Skip sync tasks for private wikis, or allow them to fail gracefully
Closed, ResolvedPublic

Description

Our current method of running the dumps v1 DAGs always creates sync tasks for every wiki.

However, in the case of private wikis, there is no /mnt/dumpsdata/xmldatadumps/${wiki} directory, so the sync tasks fail.

image.png (404×717 px, 44 KB)

We should determine how to handle this. Options include:

  • Skipping the sync_batch_* tasks for private wikis
  • Allowing the sync_batch_* tasks to fail gracefully if the directory does not exist

Details

Related Changes in GitLab:
TitleReferenceAuthorSource BranchDest Branch
Skip sync tasks for private wikisrepos/data-engineering/airflow-dags!1299btullisskip_private_wiki_dump_syncsmain
Customize query in GitLab

Event Timeline

My first thought is that we have a managed list of private wikis available.
Perhaps we could add a new task to cat this list and save it as an xcom, then check against this list before creating a sync task.

www-data@mediawiki-dumps-legacy-toolbox-c465d7598-96d97:~$ cat /srv/mediawiki/dblists/private.dblist 
# NOTE: This file is automatically generated. Do not edit it directly, run 'composer manage-dblist' instead.
advisorswiki
arbcom_cswiki
arbcom_dewiki
arbcom_enwiki
arbcom_fiwiki
arbcom_itwiki
arbcom_nlwiki
arbcom_ruwiki
arbcom_zhwiki
auditcomwiki
boardgovcomwiki
boardwiki
chairwiki
chapcomwiki
checkuserwiki
collabwiki
ecwikimedia
electcomwiki
execwiki
fdcwiki
grantswiki
id_internalwikimedia
iegcomwiki
ilwikimedia
internalwiki
legalteamwiki
movementroleswiki
noboard_chapterswikimedia
officewiki
ombudsmenwiki
otrs_wikiwiki
projectcomwiki
searchcomwiki
spcomwiki
stewardwiki
sysop_itwiki
sysop_plwiki
techconductwiki
transitionteamwiki
u4cwiki
wg_enwiki
wikimaniateamwiki
www-data@mediawiki-dumps-legacy-toolbox-c465d7598-96d97:~$

Why do we consider private wikis at all? AFAIK, there is no need to dump them?

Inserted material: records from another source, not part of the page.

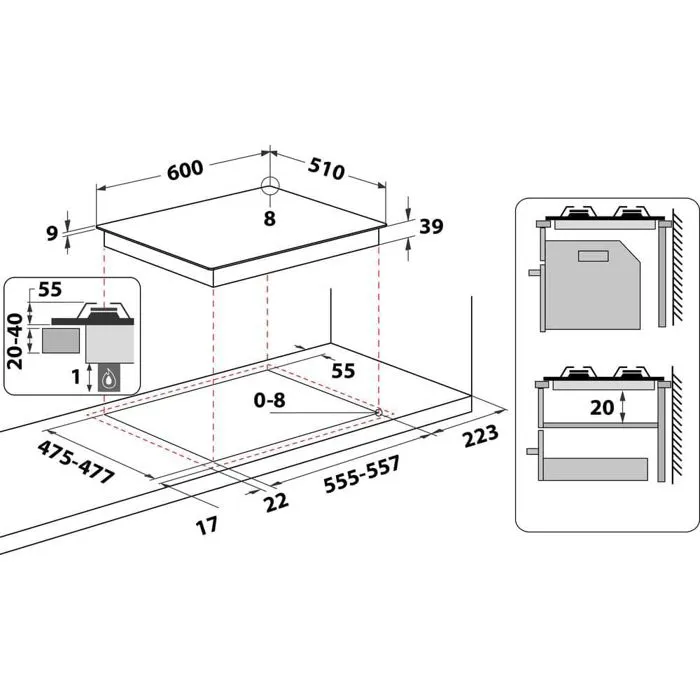 Hotpoint PNN 641 IX Placa de Gas 60cm Acero Inoxidable 4 Fuegos 8850W 3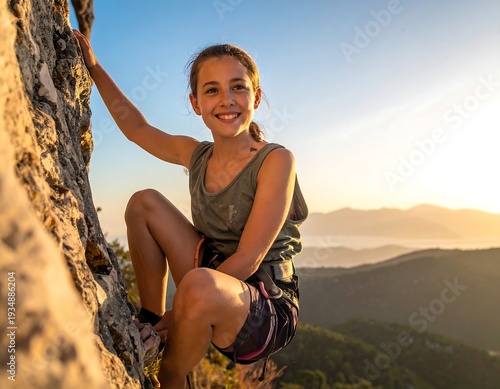 Smiling young climber ascends rock face during golden hour, with mountains in background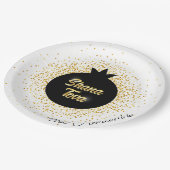 Assiettes En Carton Rosh Hashanah White Black Gold Sparkly Pomegranate (Angle)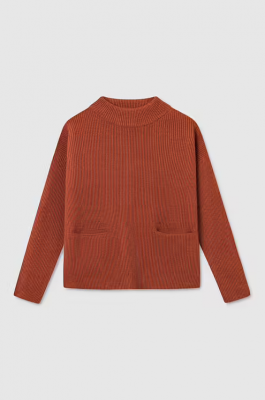 Maska - Helga Lambswool Pocket Sweater - Cinnamon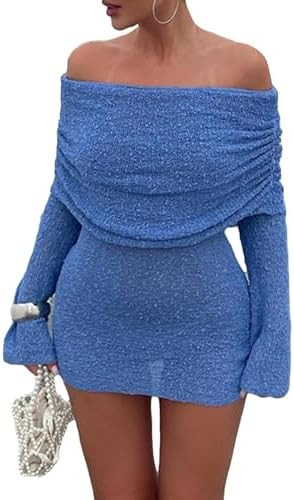 Unybwonn Women's Off Shoulder Mini Short Dress Bodycon Long Sleeve Crochet Sexy Going Out Mesh El... | Amazon (US)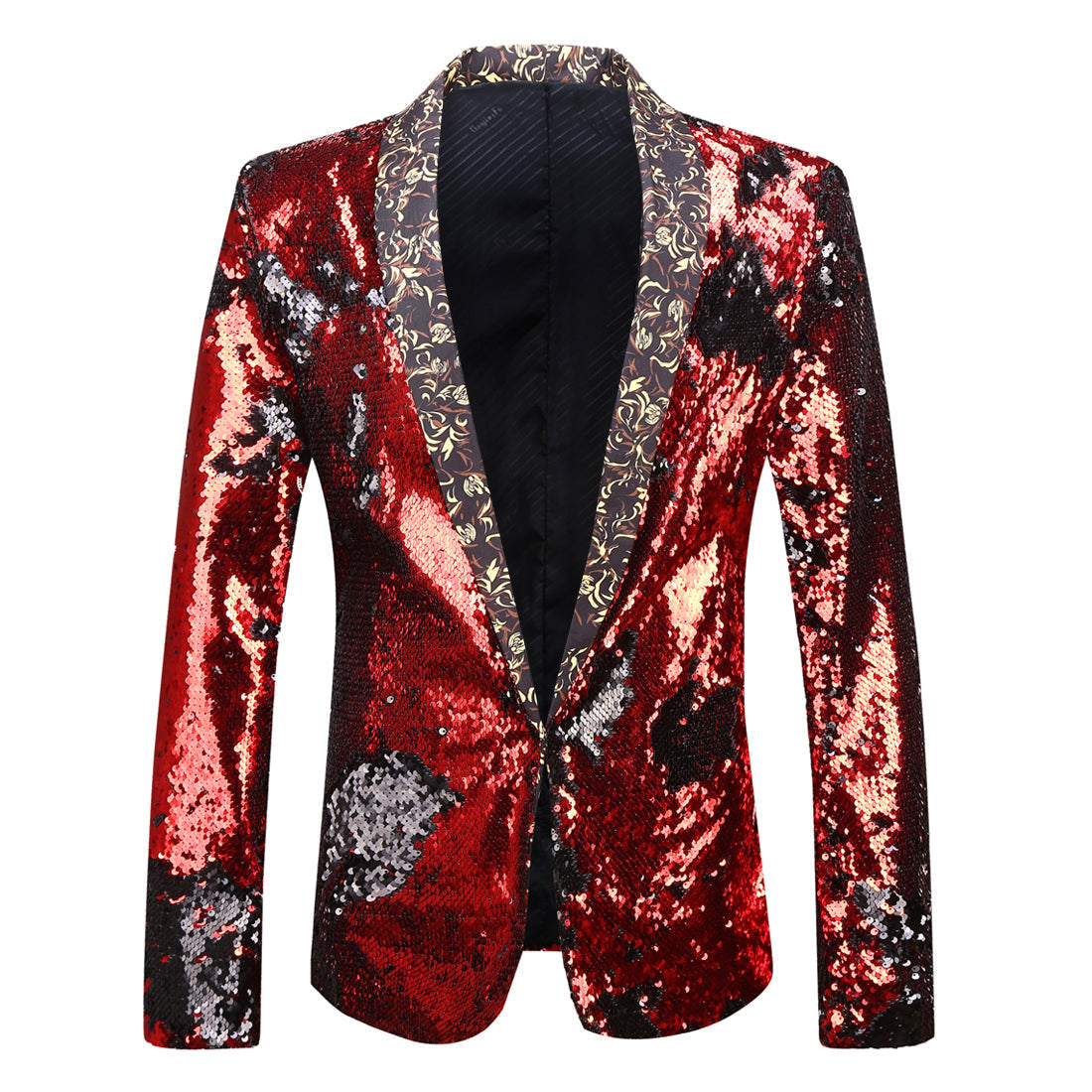 Gilded Elegance Sequin Tuxedos S8059-4-Red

Why do we consider private wikis at all? AFAIK, there is no need to dump them?

That's a good question. I suppose it's because it's would represent a change in behaviour.
These private wikis are currently dumped, but the files just live on the dumpsdata servers and do not get synced to the clouddumps servers.

Perhaps changing the behaviour so that they are not dumped at all would be a good idea anyway.

I've asled the question in Slack, too.

I'll start by just modifying the DAG to skip the sync jobs, since that represents a no-op to the current dumps behaviour.
If we want to skip the dumping part as well, then I can come back to that.

I don't know of any product reasons to create dumps of the private wikis. We could always be surprised, but for now I agree that they should be skipped.